[Available data — start]
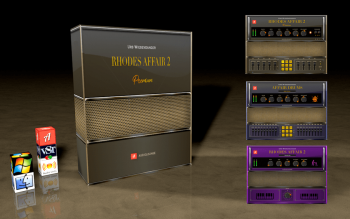REQ: Urs Wiesendanger "Rhodes Affair 2" Premium screenshot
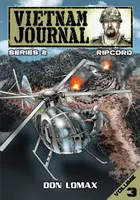 Vietnam Journal - Seria 2: Volumul 3 - Ripcord - Vietnam Journal - Series 2: Volume 3 - Ripcord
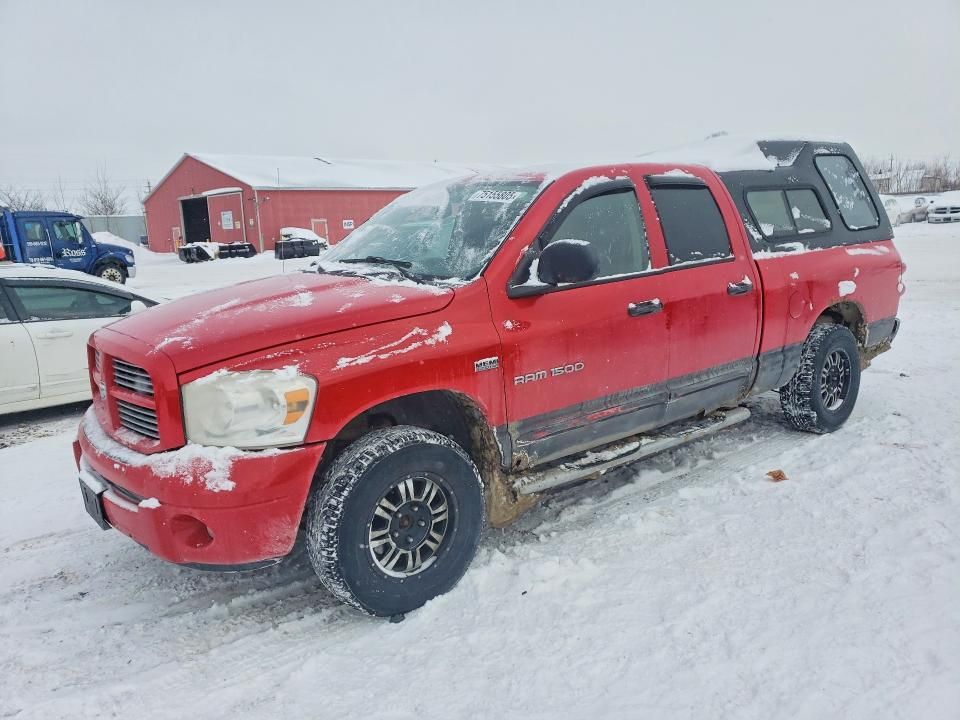 2007 Dodge RAM 1500 ST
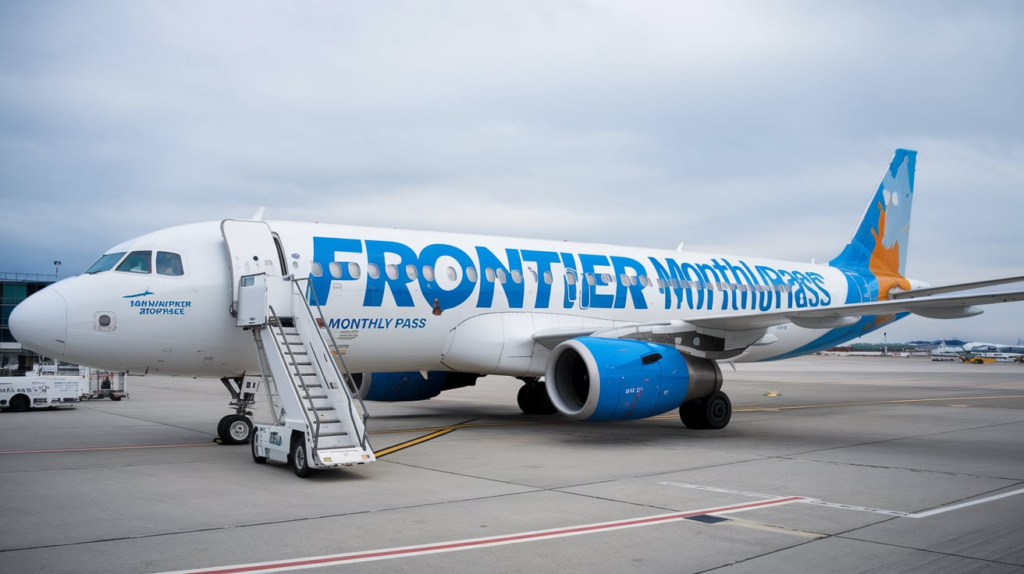 Frontier Cancellation Terms and Fees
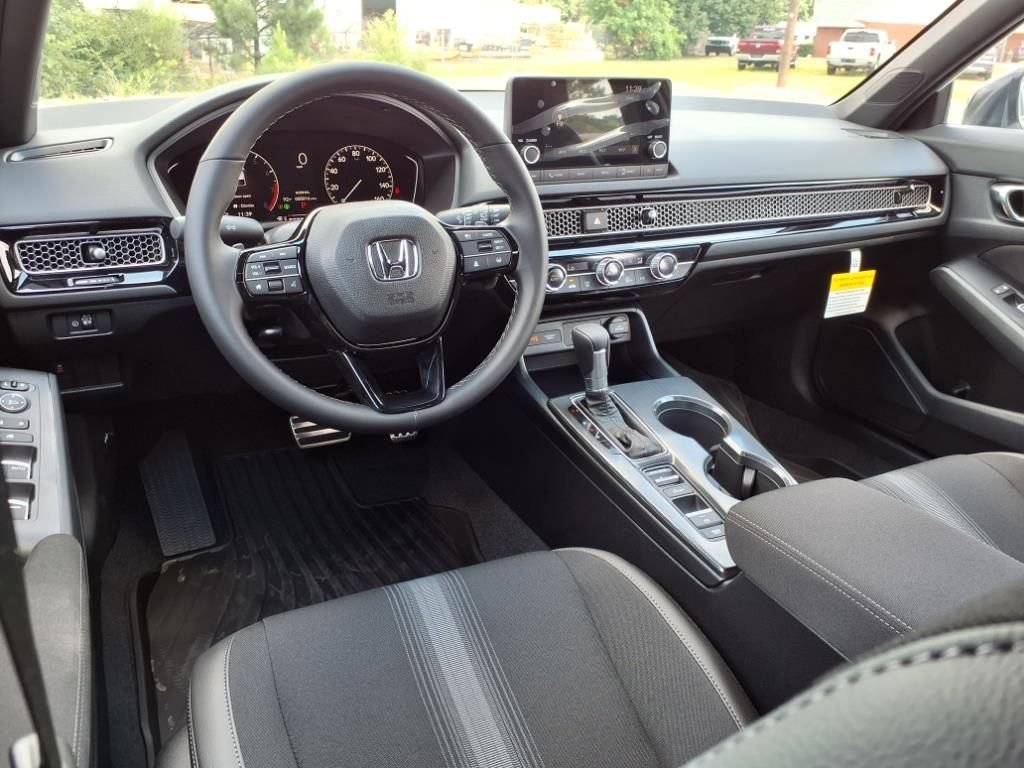 2025 Honda Civic Hatchback Sport - Photo 9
[Available data — finish]
[Exercise aim] Leave every picture out and copy precisely the lines from the one containing "Vietnam Journal - Seria" through the last line of the data above, both ends included.

[Task result]
 Vietnam Journal - Seria 2: Volumul 3 - Ripcord - Vietnam Journal - Series 2: Volume 3 - Ripcord
 2007 Dodge RAM 1500 ST
 Frontier Cancellation Terms and Fees
 2025 Honda Civic Hatchback Sport - Photo 9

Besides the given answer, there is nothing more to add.